Voice supports multiple languages and automatically detects the most likely language based on your system settings:

text
/voice [language]

Examples:

text
/voice English (US)
/voice Mandarin Chinese
/voice Spanish (Mexico)
/voice French (Canada)

Language detection is not perfect, especially for code mixed with natural language. If transcription is inaccurate:

  1. Switch to the most commonly used language for your commands
  2. Speak more clearly between code terms
  3. Use /voice to adjust sensitivity

Tip: For code-heavy instructions, consider typing code and using voice for English descriptions. For example, dictate "Create a function that does X" but type the function signature to avoid transcription errors on syntax.

When Voice Works Best

Ideal scenarios:

  • Writing commit messages: "Fixed the authentication timeout issue"
  • High-level instructions: "Refactor this to be more testable"
  • Code review feedback: "Add validation before saving to the database"
  • Quick corrections: "That should be async instead"

Avoid voice for:

  • Complex regex patterns
  • Deeply nested code structures
  • Precise JSON configurations
  • Any instruction where one character error changes the meaning

Fast Mode

Fast Mode reduces Claude's response latency by skipping some reasoning steps. The model is the same, but Claude operates with tighter constraints — prioritizing speed over exhaustive deliberation.

Toggle Fast Mode

text
/fast on
/fast off

Without an argument, /fast shows the current status.

Fast mode affects:

  • Response generation (streaming starts faster)
  • File analysis (skips some optimization passes)
  • Reasoning chains (shorter internal deliberation)

It does NOT affect:

  • Model capability (still uses the selected model)
  • Token usage (roughly the same)
  • Output format (still follows the same conventions)

When to Use Fast Mode

Use fast mode when:

  • You are iterating rapidly and need quick feedback (designing a UI, exploring approaches)
  • You are performing routine tasks (refactoring variable names, adding comments)
  • You are at your computer and want immediate responses (speed is the primary goal)
  • You are on a slow network and latency matters more than thoroughness

Do not use fast mode when:

  • You are making architecture decisions (needs full reasoning)
  • You are debugging complex issues (needs careful analysis)
  • You are writing security-critical code (needs thorough review)
  • You have time and want the highest quality output

Fast Mode in Scripts

Configure fast mode in .claude/settings.json for consistent behavior:

json
{
  "session": {
    "fast_mode": true
  }
}

Or enable it per-agent:

json
{
  "agents": [
    {
      "name": "routine-fixer",
      "fast": true,
      "instructions": "Apply formatting and linting fixes quickly"
    }
  ]
}

Effort Levels

Effort controls how much computational resources Claude applies to a task, directly affecting reasoning depth, deliberation time, and output quality. This is separate from model selection — you can use Sonnet with high effort or Opus with low effort.

Setting Effort

text
/effort low
/effort medium
/effort high
/effort max
/effort auto

The default is auto, which adjusts based on task complexity. Higher effort uses more tokens and takes more time but produces more careful, thorough output.

Effort levels explained:

LevelThinking TimeUse CaseCost
lowMinimalSimple tasks, quick answersLowest
mediumStandardTypical development tasksStandard
highExtendedComplex debugging, architectureHigh
maxMaximumSecurity reviews, difficult designsHighest
autoAdaptiveDefault; adjusts per taskVariable

Using Effort with the Keyboard

On supported platforms, use Cmd+T (macOS) or Meta+T (Windows/Linux) to toggle through effort levels without typing. This is faster than /effort for frequent adjustments.

Keyboard cycling:

Cmd+T: auto → low → medium → high → max → auto

Your current level displays in the status bar.
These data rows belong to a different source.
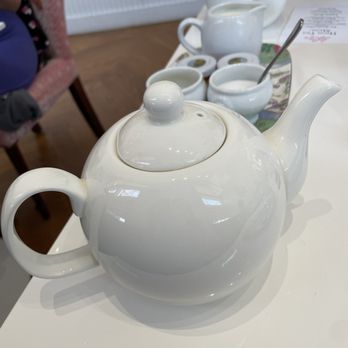 Jolie Tea Company - Tea pot - Tea Rooms Near Me - Salem, Massachusetts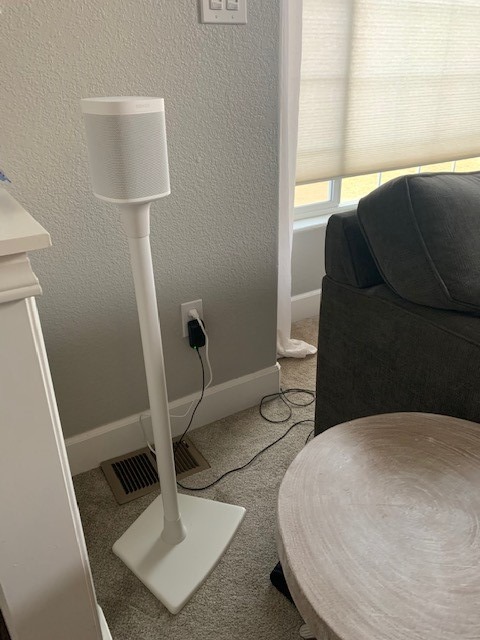 Sonos One SL (2019) - White - Microphone-Free Wireless Speaker customer photo 1
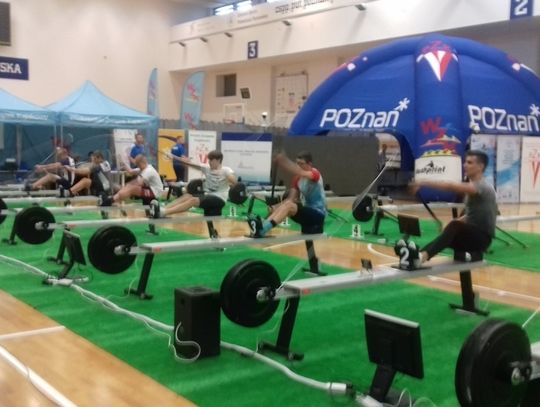 Tomaszowscy kajakarze z Wikinga rozpoczęli sezon startowy na - Hali sportowej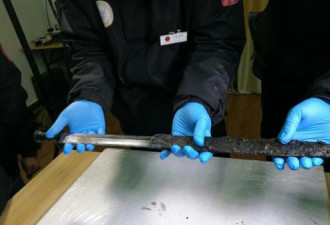 河南2000年前大宝剑出鞘 网友：被寒光闪到了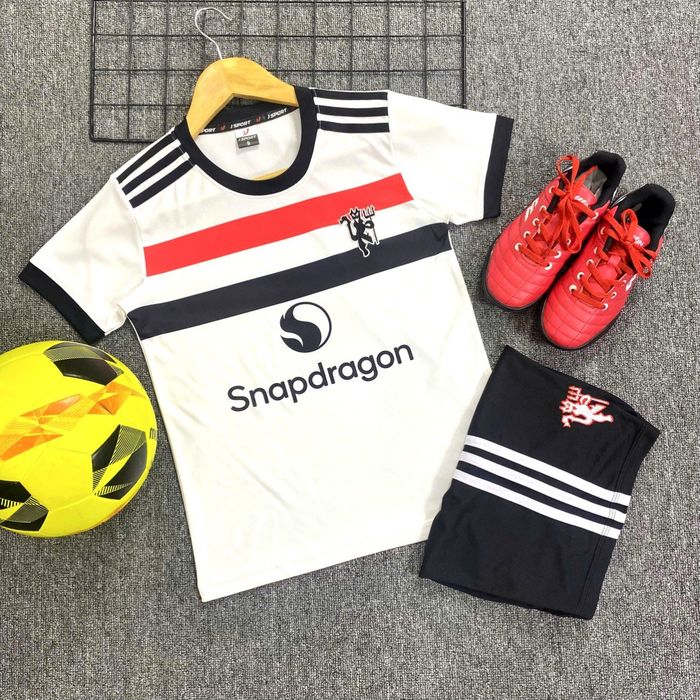 QA_Tre_em_JS_MU_24/25_Lon_Trang_Soc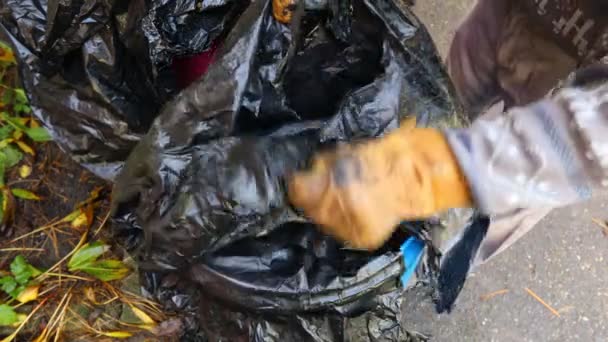Adam Çapa Kullanarak Elma Dilimlerini Plastik Fıçıda Karıştırıyor Karıştırma Işlemi — Stok video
Thinking Tokens and Output Quality

Effort directly affects thinking tokens — tokens Claude allocates to internal reasoning. More thinking tokens mean:

  • Better problem analysis
  • More thorough consideration of edge cases
  • More careful code review
  • Better design decisions

Real-world example:

Refactor this 500-line parser into smaller functions.

low effort:     200 tokens output, no thinking
medium effort:  400 tokens output + 500 thinking tokens
high effort:    500 tokens output + 2000 thinking tokens
max effort:     600 tokens output + 5000+ thinking tokens

Higher effort produces more detailed refactoring suggestions, better test cases, and more thorough documentation.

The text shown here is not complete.